> **Try it**
Send back the data below exactly. Drop every picture.

> **Dataset content**

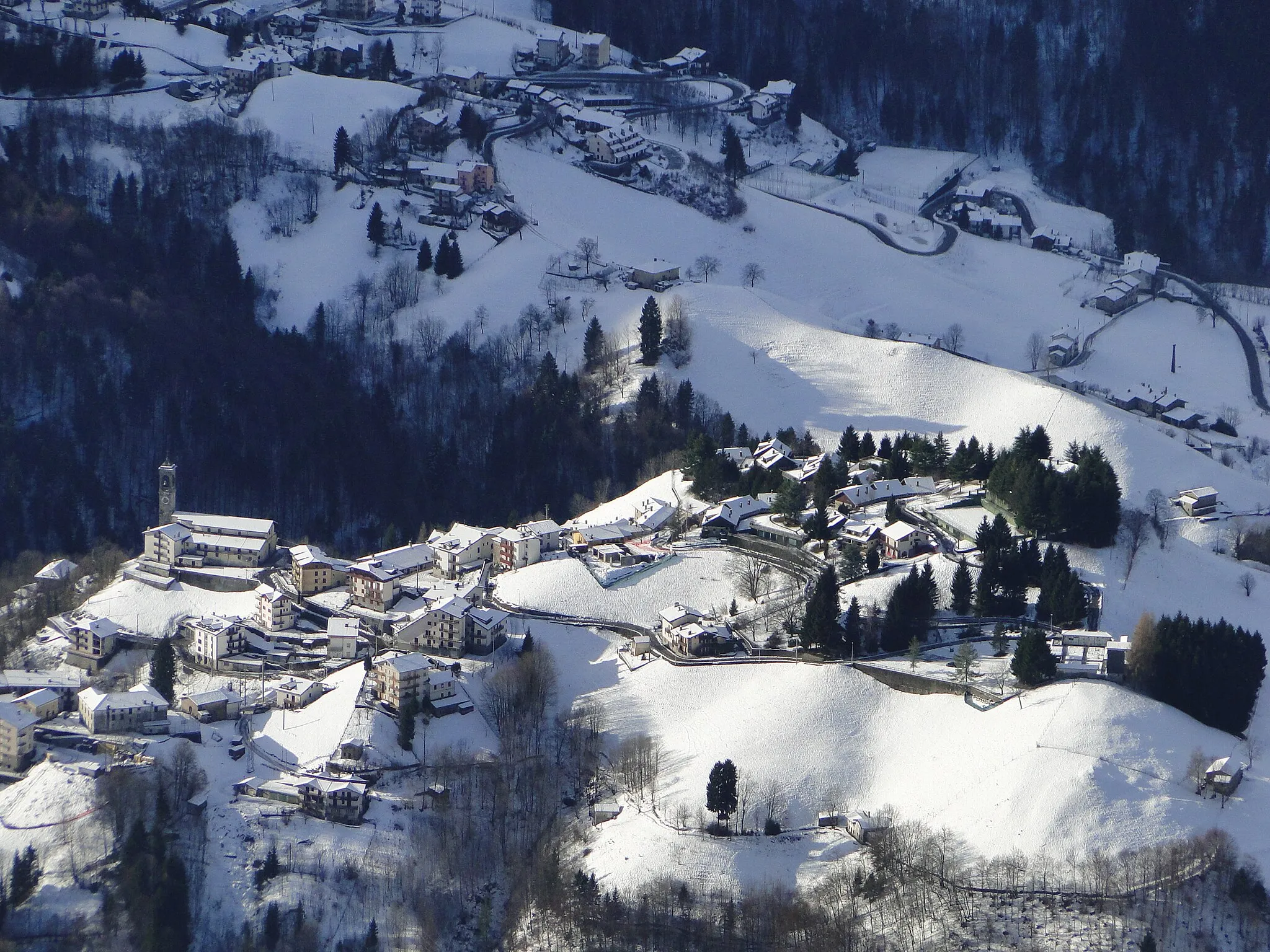 Photo showing: Zambla bassa, fraz. di Oltre il Colle (BG), vista dalla cima del Grem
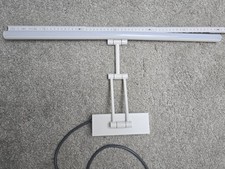 Moderne LED-Wandleuchte mit Schwenkarm – ca. 60 cm – inkl. Befestigungsmaterial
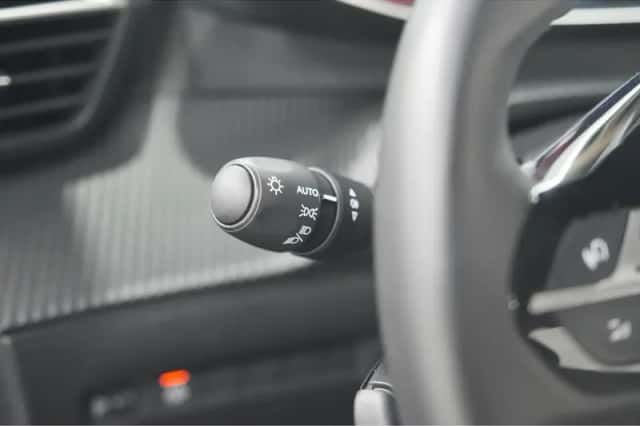 Peugeot 208 (2023) thumbnail 34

> **Your response**
 Photo showing: Zambla bassa, fraz. di Oltre il Colle (BG), vista dalla cima del Grem
 Moderne LED-Wandleuchte mit Schwenkarm – ca. 60 cm – inkl. Befestigungsmaterial
 Peugeot 208 (2023) thumbnail 34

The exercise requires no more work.